All lines from the one containing "к фильму #1" through the final line of the listing below, and no others, must be returned exactly; no pictures belong in the copy.

DATASET EXCERPTS:
____________
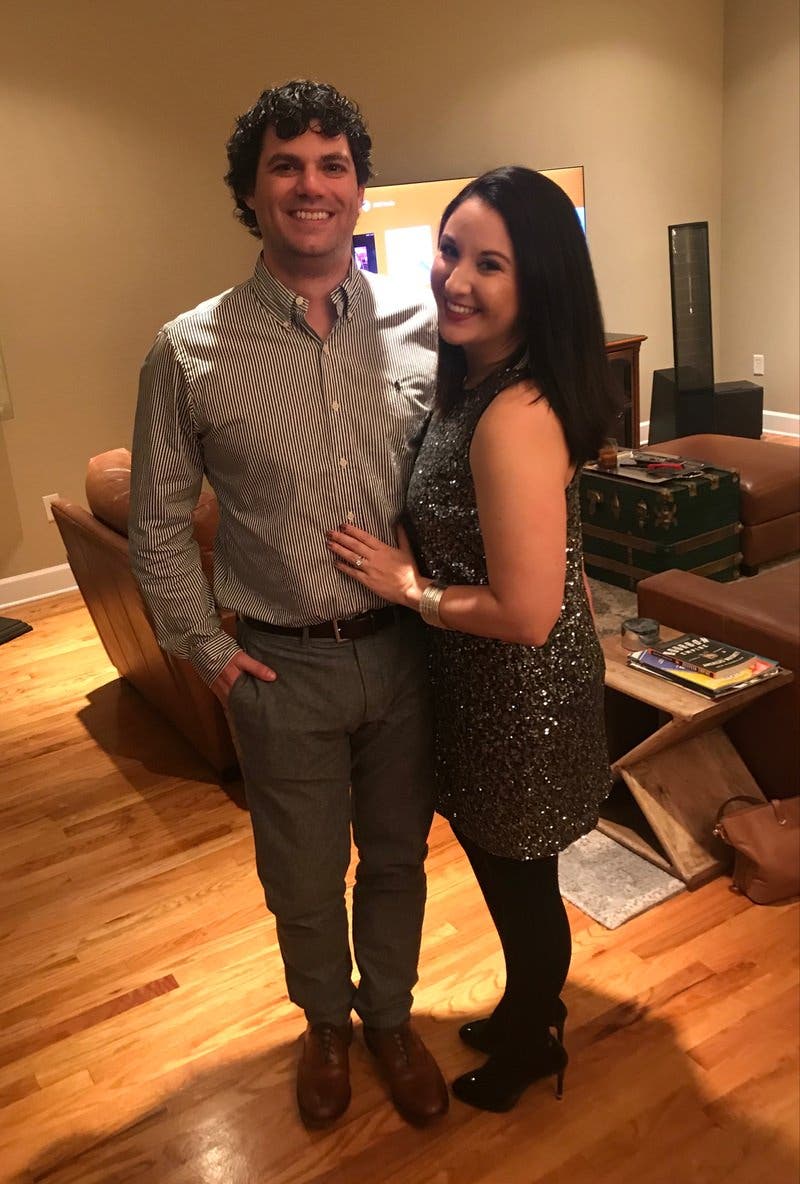 review thumbnail images 17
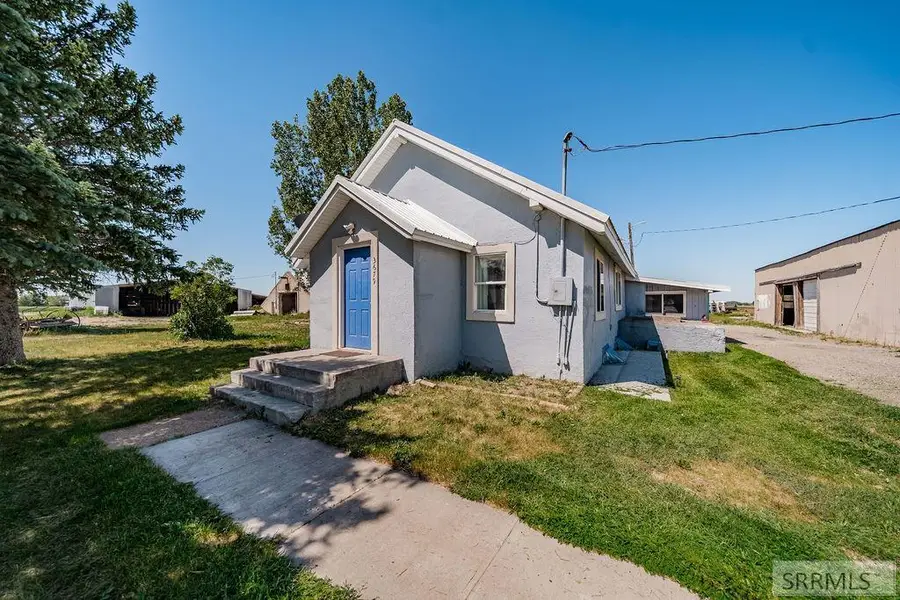 3679 5000 E, Sugar City, ID 83448 - #2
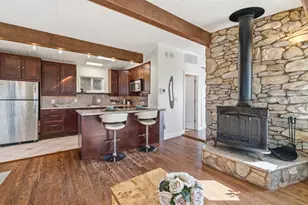 11207 Lake Blvd, Felton, CA 95018 - Photo 8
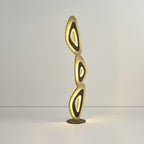 Nevis Floor Lamp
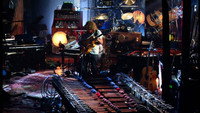 «The Orchestrion Project (2012)» — обои к фильму #1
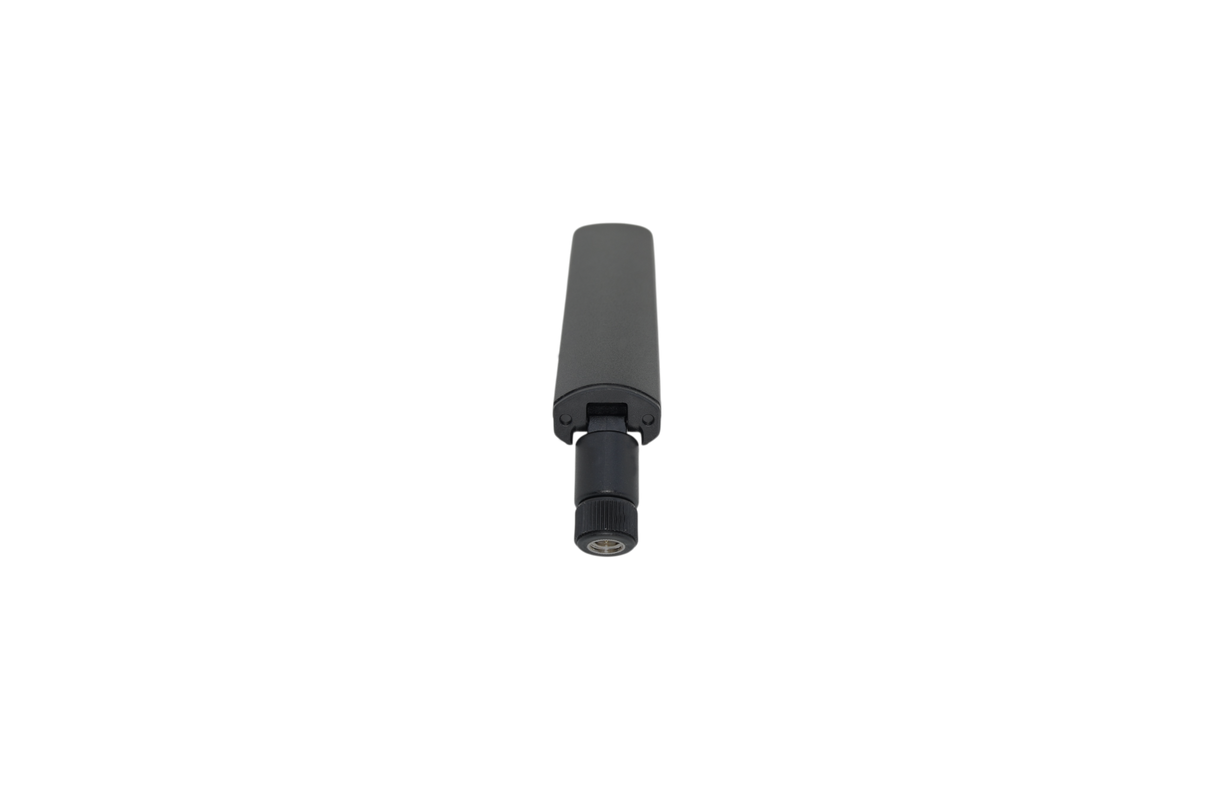 SW19073EB56 SWE027 5G/4G/LTE External Terminal Antenna (SMA Connector)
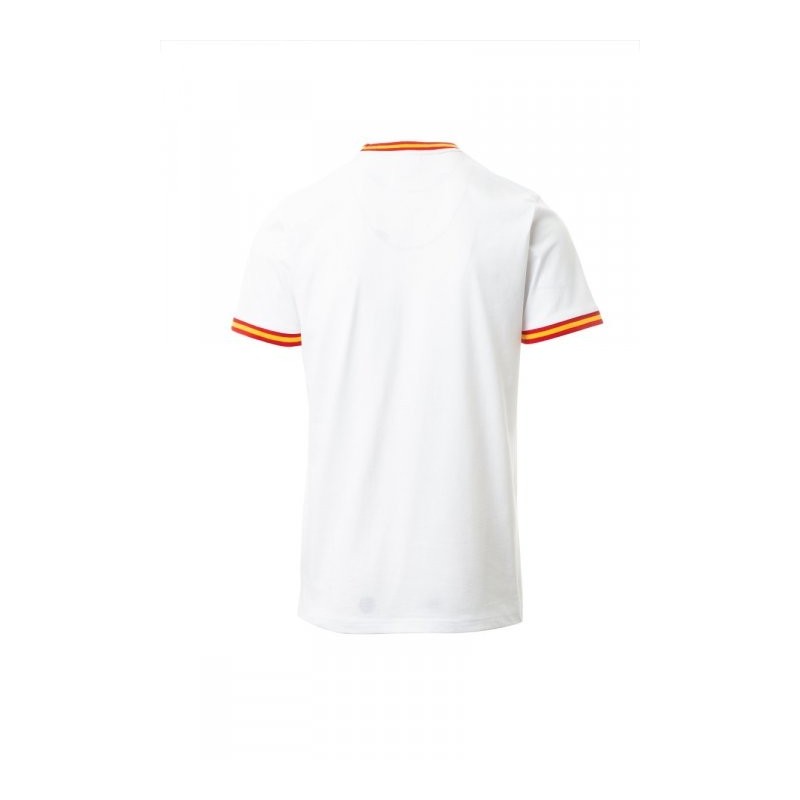 T-shirt homme FLAG personnalisable | CREA…OSE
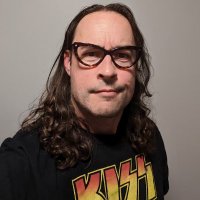 Filthy Philistine aka Trav (@thaheathen) 's Twitter Profile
____________
SOLUTION:
 «The Orchestrion Project (2012)» — обои к фильму #1
 SW19073EB56 SWE027 5G/4G/LTE External Terminal Antenna (SMA Connector)
 T-shirt homme FLAG personnalisable | CREA…OSE
 Filthy Philistine aka Trav (@thaheathen) 's Twitter Profile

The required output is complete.